#### Task description:
Retype, word for word, the lines from the first line of the entries through the line that holds "Invitación Purpurina del"; leave out the pictures.

#### Records to use:

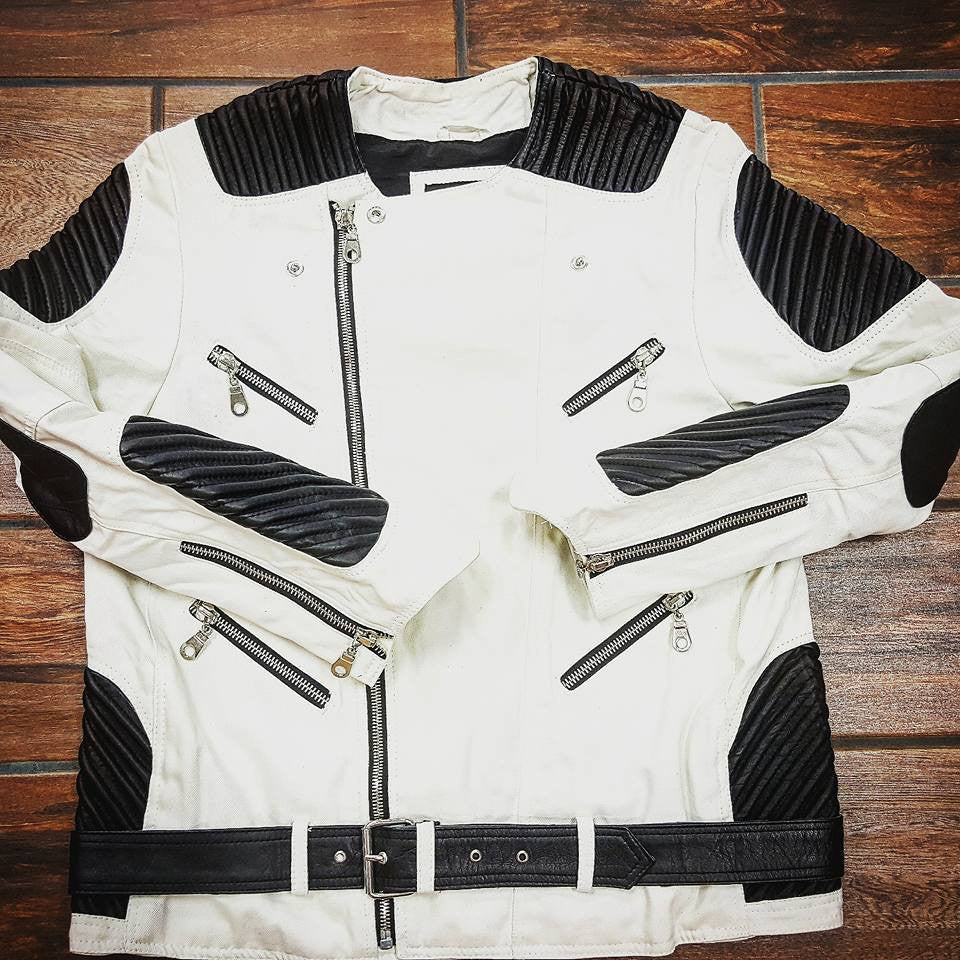 White Denim Motorcycle Jacket  w/ Black Genuine Lambskin Leather - Reps And Scales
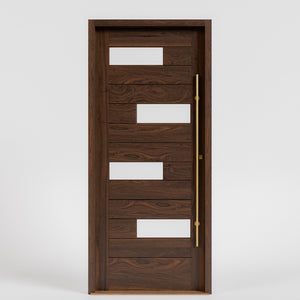 Ojai Offset Slat Modern Wood Front Door With Glass with casing and long handle and threshold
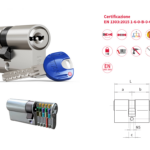 Cilindro Europeo Titan K66 Nichel Satinato 5 Chiavi + Cantiere Varie Misure | DOM-CR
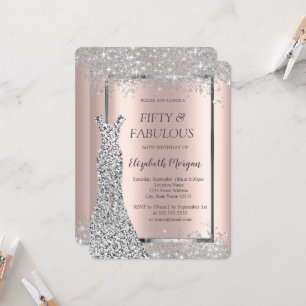 Invitación Purpurina del vestido plateado Confetti Rosa Oro 5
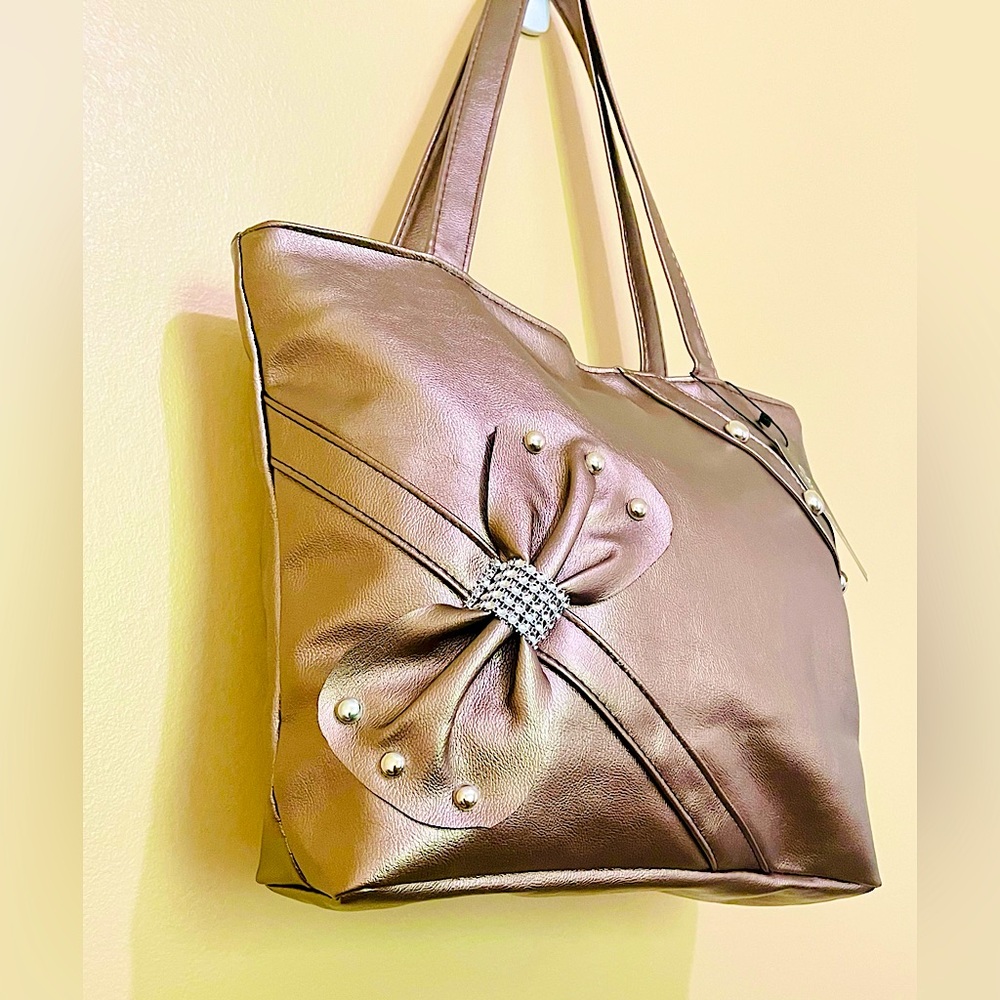 Chuns Fashion Purse Bronze Pleated Ruffle Gold Stud Accents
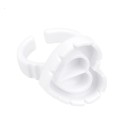 100 pezzi Anelli di plastica per colla a forma di cuore 2,3 x 1,3 cm Supporti usa e getta per ciglia e pigmenti Bicchierino a ventaglio Strumenti per ciglia 3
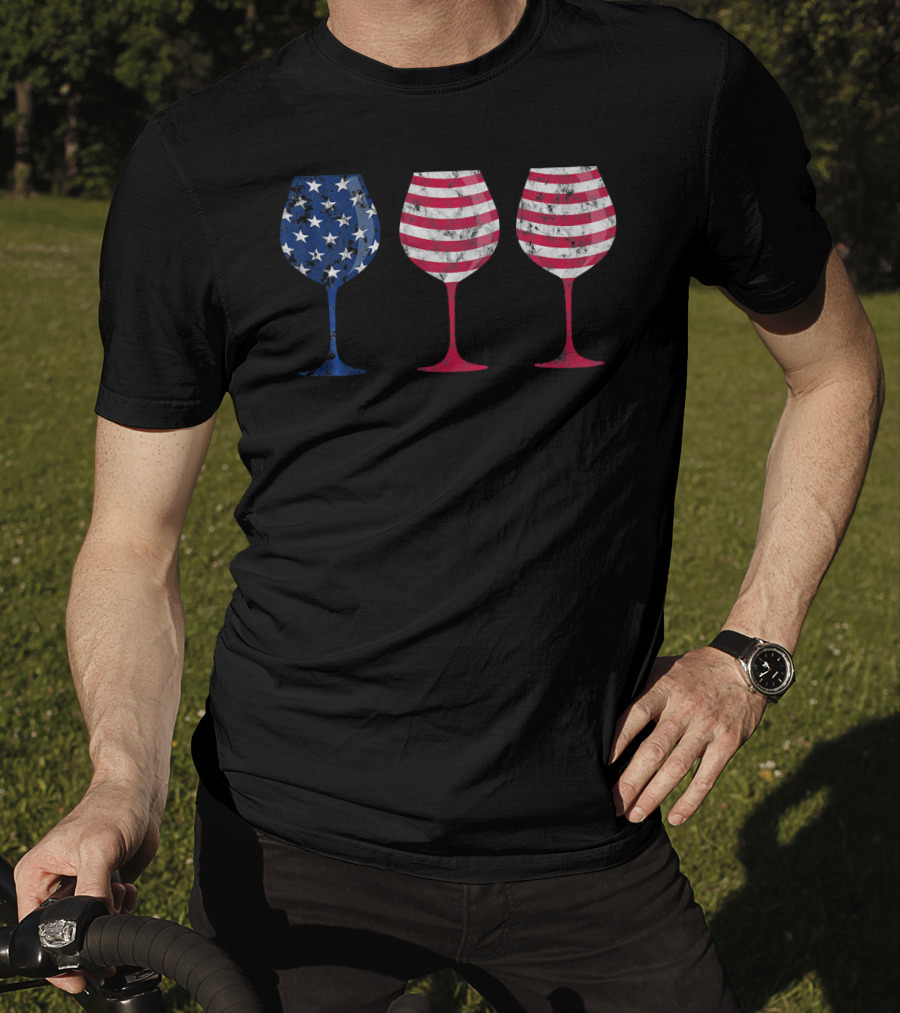 American Flag Wine Glass Trio T-Shirt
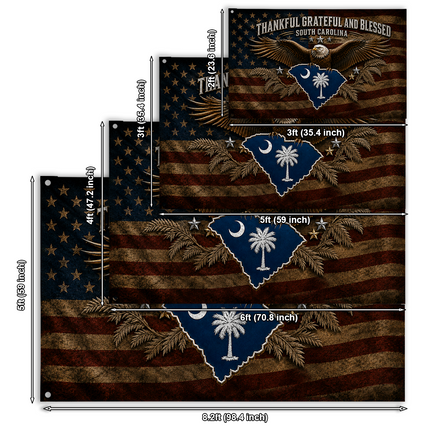 South Carolina Grommet Flag Thankful Grateful Blessed Eagle Palmetto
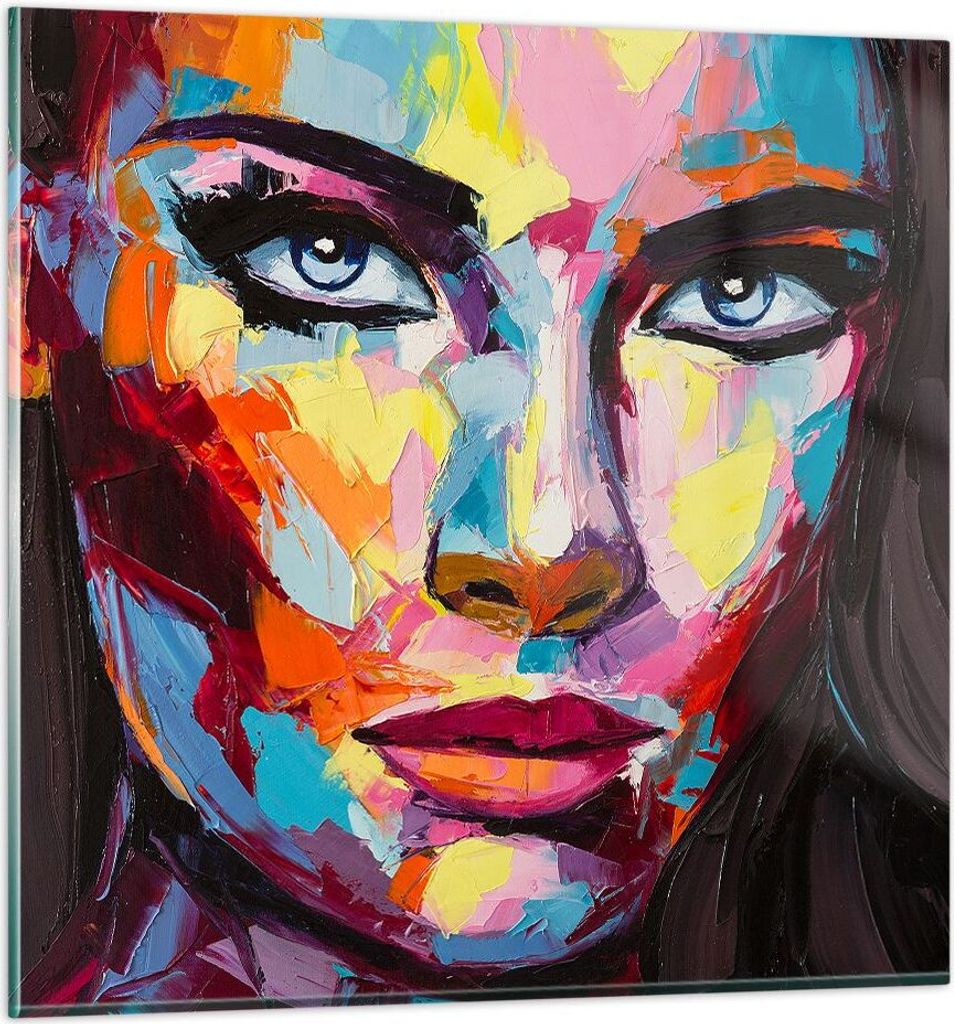 Bilder auf glas - Mädchen Gesicht - 40x40cm - Glasbilder - Wandbilder - Kunstdruck - zum Aufhängen bereit - Wanddekoration aus Glas - Glas Bilder...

#### Your response:
 White Denim Motorcycle Jacket  w/ Black Genuine Lambskin Leather - Reps And Scales
 Ojai Offset Slat Modern Wood Front Door With Glass with casing and long handle and threshold
 Cilindro Europeo Titan K66 Nichel Satinato 5 Chiavi + Cantiere Varie Misure | DOM-CR
 Invitación Purpurina del vestido plateado Confetti Rosa Oro 5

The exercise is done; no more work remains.